Dans une nouvelle écrite dans les années 1950, le maître de la science-fiction Isaac Asimov imagine un nouveau genre de système politique dans lequel un ordinateur géant a la faculté de calculer la tendance de l’opinion à partir de millions de paramètres et de désigner un seul électeur – le plus représentatif de tous – qui a le pouvoir d’élire le prochain président.
Nous sommes encore loin d’un tel système, puisque les sondages sont réalisés généralement sur la base d’un «échantillon représentatif» de 1 000 personnes environ. Mais la puissance de ces prédictions n’en est pas moins exorbitante. Qu’on en juge au poids des sondages dans notre démocratie. En amont de l’élection, les sondages sont de formidables propulseurs de candidatures et on leur connaît désormais cet incroyable pouvoir de faire émerger des candidats dont la crédibilité électorale ne tient qu’à leur score virtuel, lui-même incroyable.

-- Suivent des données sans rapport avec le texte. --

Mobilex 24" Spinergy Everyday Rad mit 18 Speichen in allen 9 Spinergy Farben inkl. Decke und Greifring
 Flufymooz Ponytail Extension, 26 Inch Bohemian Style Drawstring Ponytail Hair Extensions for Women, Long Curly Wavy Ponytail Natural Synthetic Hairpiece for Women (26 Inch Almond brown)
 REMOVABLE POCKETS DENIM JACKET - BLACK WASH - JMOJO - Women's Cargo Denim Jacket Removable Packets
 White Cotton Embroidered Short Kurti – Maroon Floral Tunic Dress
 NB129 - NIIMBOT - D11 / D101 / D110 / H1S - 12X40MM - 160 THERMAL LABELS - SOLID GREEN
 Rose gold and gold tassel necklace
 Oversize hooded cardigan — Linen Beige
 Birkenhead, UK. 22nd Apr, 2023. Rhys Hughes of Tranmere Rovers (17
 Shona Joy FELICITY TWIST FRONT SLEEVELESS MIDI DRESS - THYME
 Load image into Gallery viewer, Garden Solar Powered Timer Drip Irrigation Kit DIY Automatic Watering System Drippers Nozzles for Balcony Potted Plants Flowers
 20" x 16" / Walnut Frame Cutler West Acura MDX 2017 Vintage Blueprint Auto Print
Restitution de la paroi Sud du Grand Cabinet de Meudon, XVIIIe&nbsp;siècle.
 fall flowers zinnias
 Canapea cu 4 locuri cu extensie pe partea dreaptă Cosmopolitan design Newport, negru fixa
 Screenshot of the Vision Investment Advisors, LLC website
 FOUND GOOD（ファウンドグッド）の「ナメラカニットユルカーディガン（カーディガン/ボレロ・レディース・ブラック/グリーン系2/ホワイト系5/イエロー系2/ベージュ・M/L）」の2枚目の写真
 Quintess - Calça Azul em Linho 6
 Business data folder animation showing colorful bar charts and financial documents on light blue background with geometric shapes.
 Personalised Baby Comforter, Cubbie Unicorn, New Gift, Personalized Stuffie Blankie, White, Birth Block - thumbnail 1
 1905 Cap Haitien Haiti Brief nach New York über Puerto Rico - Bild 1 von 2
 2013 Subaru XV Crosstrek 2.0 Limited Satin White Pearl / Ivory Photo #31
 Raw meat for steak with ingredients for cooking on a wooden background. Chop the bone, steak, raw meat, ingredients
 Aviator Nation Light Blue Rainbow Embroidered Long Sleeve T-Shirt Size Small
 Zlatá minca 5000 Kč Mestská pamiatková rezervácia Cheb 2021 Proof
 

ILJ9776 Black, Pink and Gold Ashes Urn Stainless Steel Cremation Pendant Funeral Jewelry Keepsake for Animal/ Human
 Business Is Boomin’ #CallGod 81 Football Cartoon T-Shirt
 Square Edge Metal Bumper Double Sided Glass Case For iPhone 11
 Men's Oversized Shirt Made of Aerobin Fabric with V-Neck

Au moment de l’élection évidemment avec cet incontournable «vote utile»… l’utilité en question n’ayant d’autre instrument de mesure que le baromètre établi par les instituts de sondage. Certains prêtent même aujourd’hui aux sondages la faculté d’inspirer le retrait d’un candidat au profit d’un autre ! Le danger est grand dès lors, soit que la prophétie devienne auto-réalisatrice au détriment d’une pleine et entière liberté de choix des électeurs, soit que les sondages se trompent et qu’ils faussent le calcul des citoyens.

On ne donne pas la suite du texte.